South Korean President Moon Jae-in and Japanese Prime Minister Shinzo Abe on Monday (Nov. 4) held brief informal talks on the sidelines of a meeting of the Association of Southeast Asian Nations (ASEAN) in Bangkok.
"President Moon and Prime Minister Abe had their talks under very friendly and sincere atmosphere," South Korea's presidential Blue House spokesperson said. "Two leaders agreed that South Korea-Japan relations are important and reaffirmed that their bilateral issues should be resolved through dialogues."
Monday's casual meeting comes as relations between Tokyo and Seoul have plunged to their lowest in decades after South Korea’s top court last year ordered Japan's firms to compensate some wartime forced labourers.
The feud spilled over into trade and security issues, hurting both economic ties and security cooperation.
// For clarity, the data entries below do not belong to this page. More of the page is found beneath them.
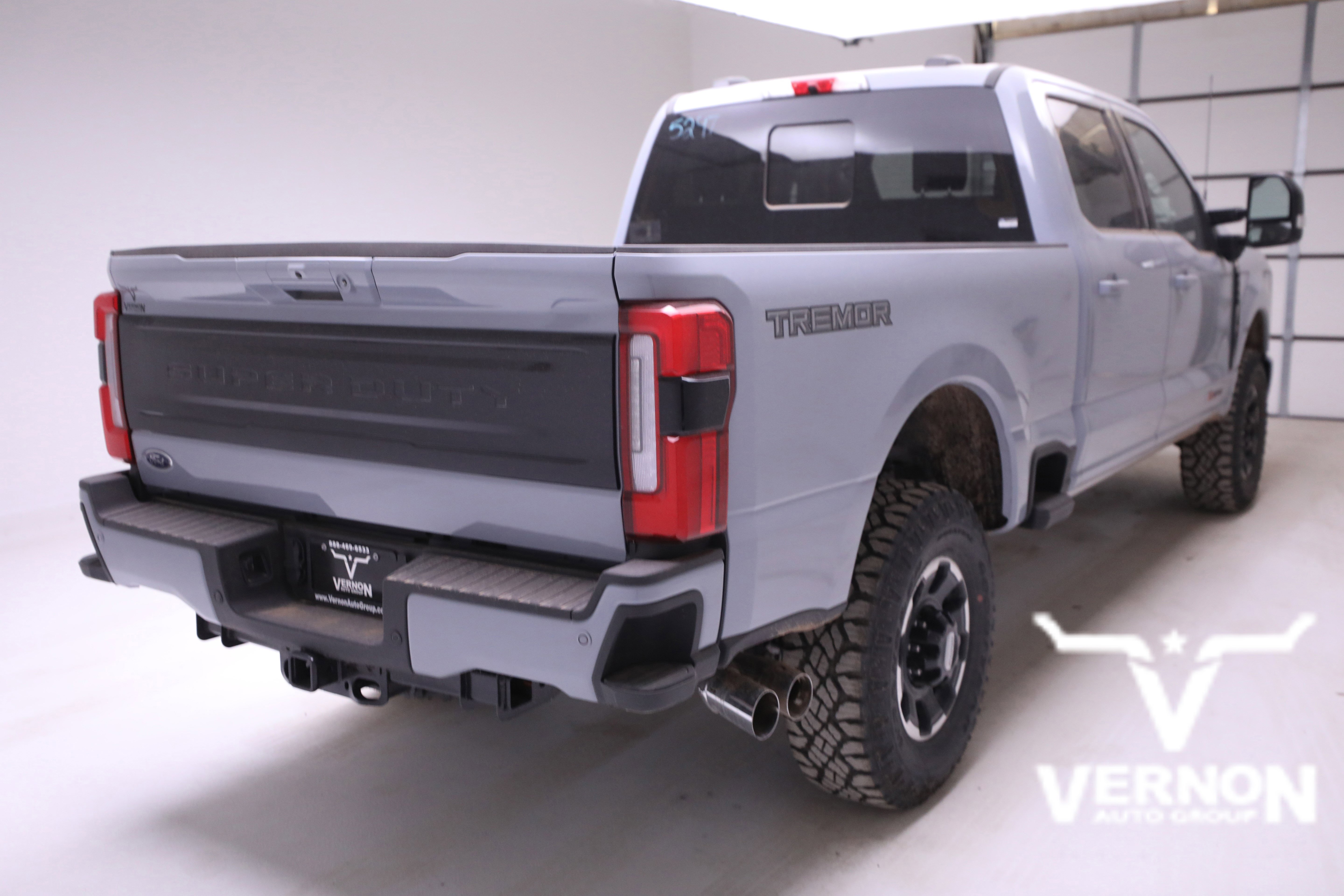 New 2026 Ford F250 Platinum w/ Tremor Off-Road Package image 5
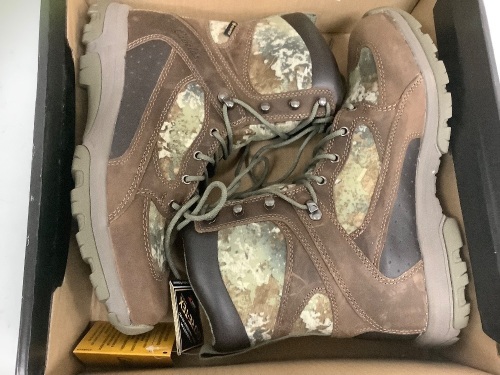 Mens Silent Stalker Boots, Size 10, Appears New - Lot 115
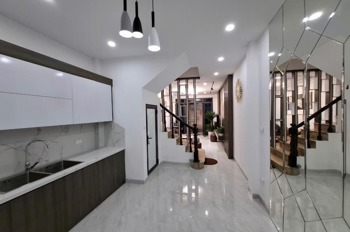 Bán nhà Yên Hòa 5tx51m² mới coong - Sân riêng, ngõ ô tô, giá 9.x tỷ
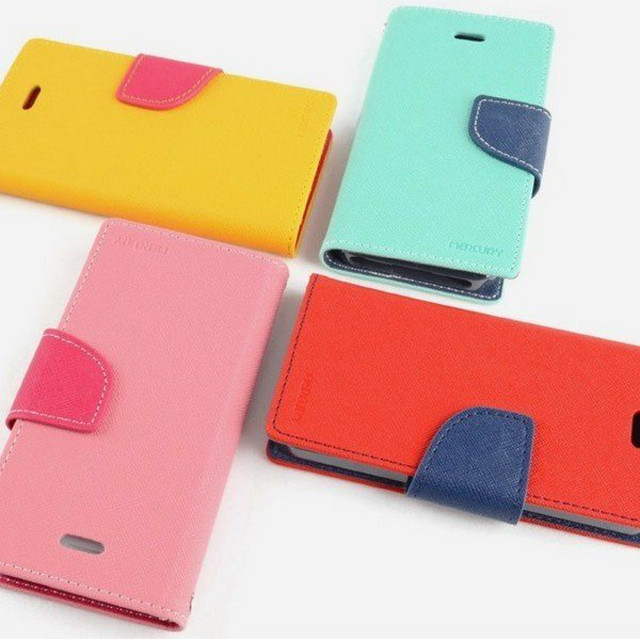 ツートンカラーが鮮やか。カードポケット・スタンド機能も搭載した定番の手帳型アイフォンケースです。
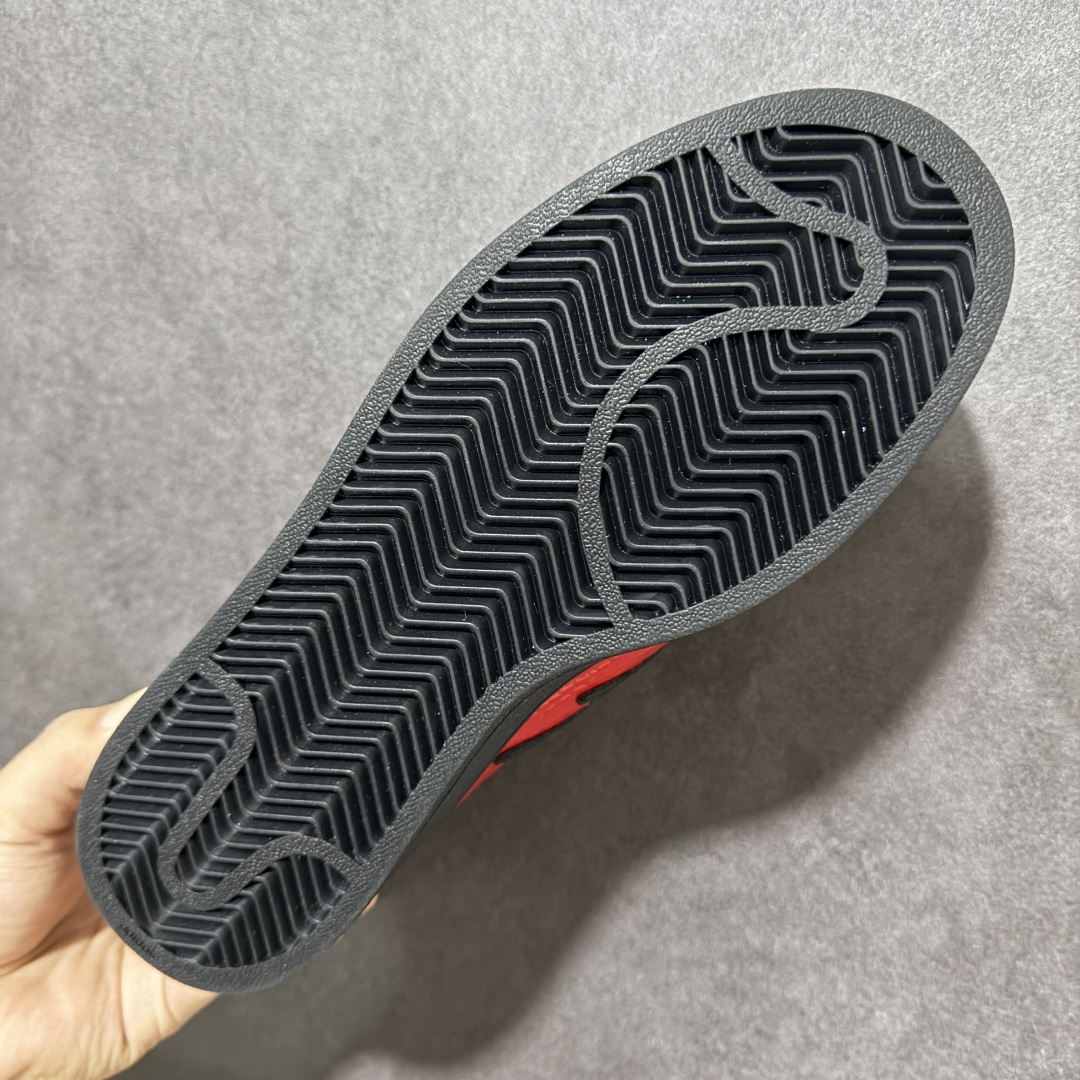 图片[9]-【公司级】阿迪达斯 ADIDAS SUPERSTAR 2026年新款鞋子 蛇年新款经典贝壳头系列 新款休闲板鞋潮流男女士运动鞋 。漆面鞋面柔软皮革拼接材质 标志性的贝壳鞋头，简约的线条。就连版型和比例，都在向1982年的鞋款致敬。可谓“形神兼备”的复刻。无论在哪，无论去哪，你或许都需要这样一双既舒适又时尚的鞋。1970年问世于篮球场的adidas Superstar，集舒适与时尚于一身。这款经典鞋，缀低调图案，灵感源自公共交通地图。设计简约，旨在伴你出行。心动不如行动，系好鞋带，出发吧。 货号：HQ9302 尺码：35-45含半码-选品中心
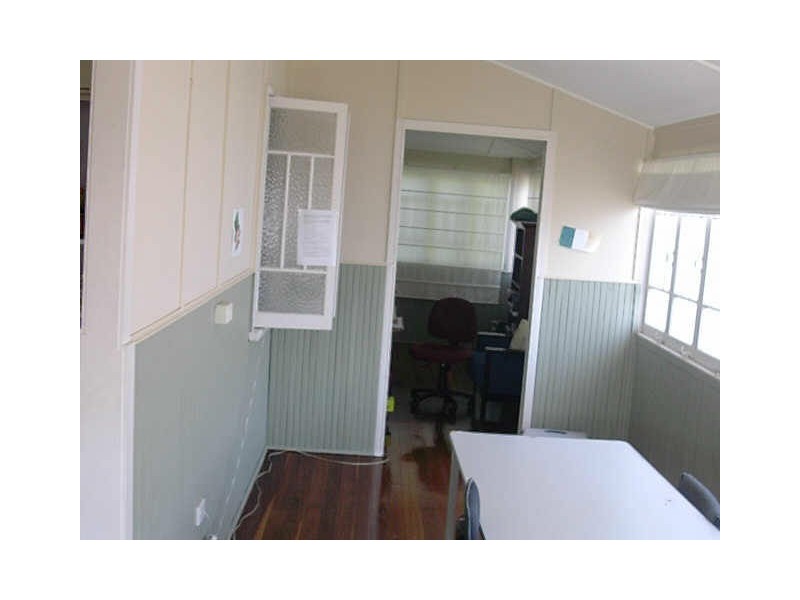 33 GOLDEN SPUR STREET, Eidsvold QLD 4627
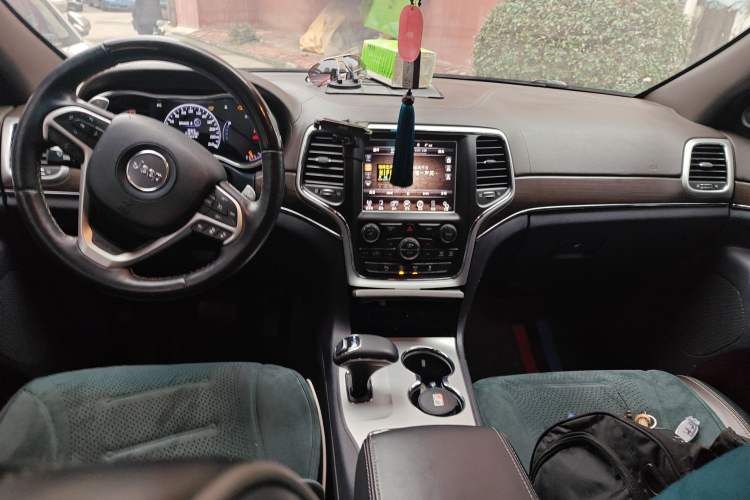 Used Jeep Grand Cherokee (Import) 2015 3.6L Luxury Navigation Edition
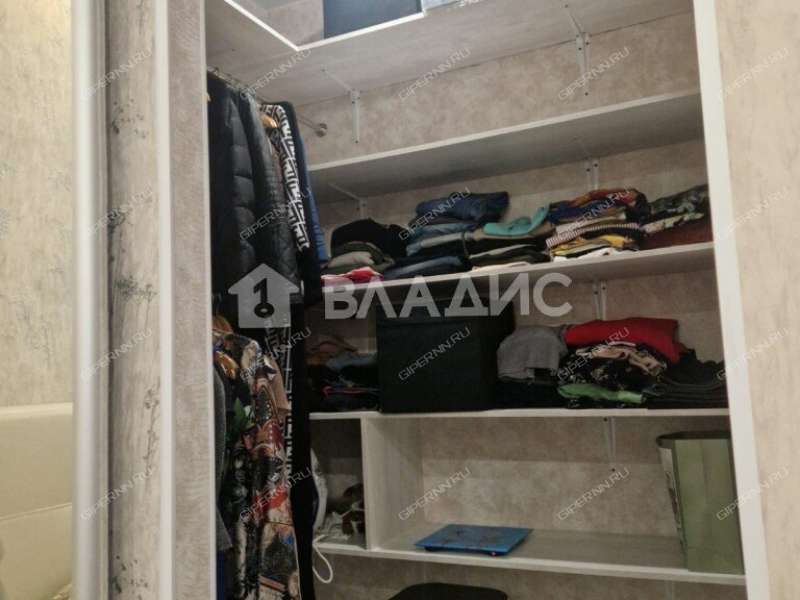 трёхкомнатная квартира на улице Белинского дом 62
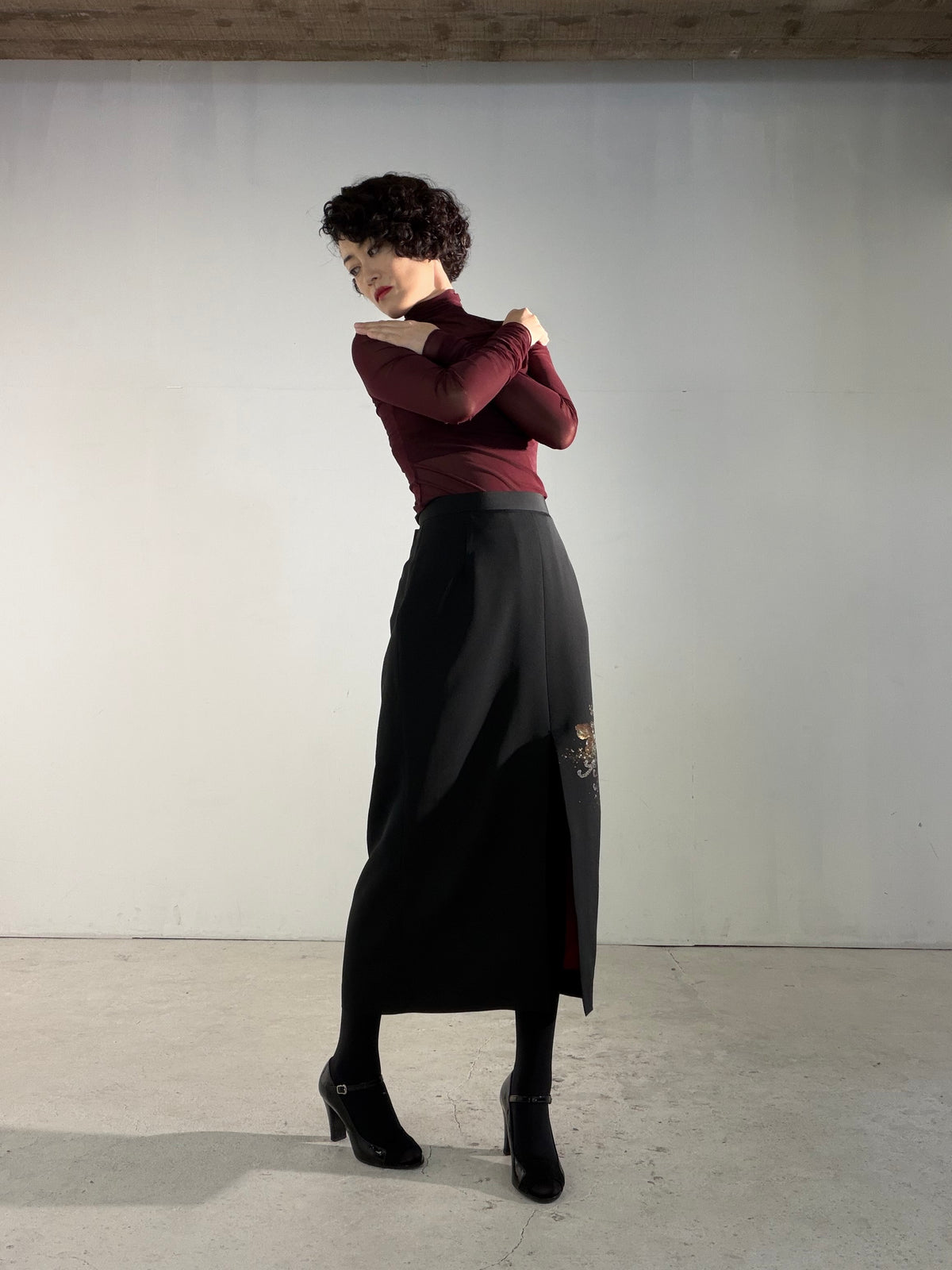 Kimono Skirt "SAI005" — Upcycled from Japanese Kimono Black Haori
In July, Japan imposed stricter controls on high-tech materials exports to South Korea. Seoul responded by declining to renew a military intelligence-sharing pact with Tokyo, that is scheduled to expire later this month.
South Korean Defence Minister Jeong Kyeong-doo told a parliamentary session the pact should be kept “if it helps with our security in any way” but the trade issues also needed to be resolved.
Moon and Abe have not held a summit for more than a year, though they had a 10-second greeting for photos at the Group of 20 Summit in Osaka in the late June.
Moon did not attend Japan's Emperor Naruhito’s enthronement ceremony late last month but instead sent South Korean Prime Minister Lee Nak-yon, who handed Abe a private letter from Moon.
(Japanese Prime Minister Shinzo Abe, left, and South Korean President Moon Jae-in speak in Bangkok on Nov. 4. (Photo: South Korea's presidential Blue House)
Deputy Chief Cabinet Secretary Akihiro Nishimura said Abe had conveyed to Moon Tokyo’s “basic stance,” which is that the issue of compensation was settled by a 1965 bilateral agreement.
The agreement normalised diplomatic relations, with Japan paying $300 million in compensation and extending an additional $200 million in loans to make amends for its colonial rule of the Korean Peninsula from 1910 to 1945.
It remained to be seen when the two leaders would be able to hold a formal meeting, with Nishimura saying that Abe and Moon did not touch on the possibility of holding official talks in the future.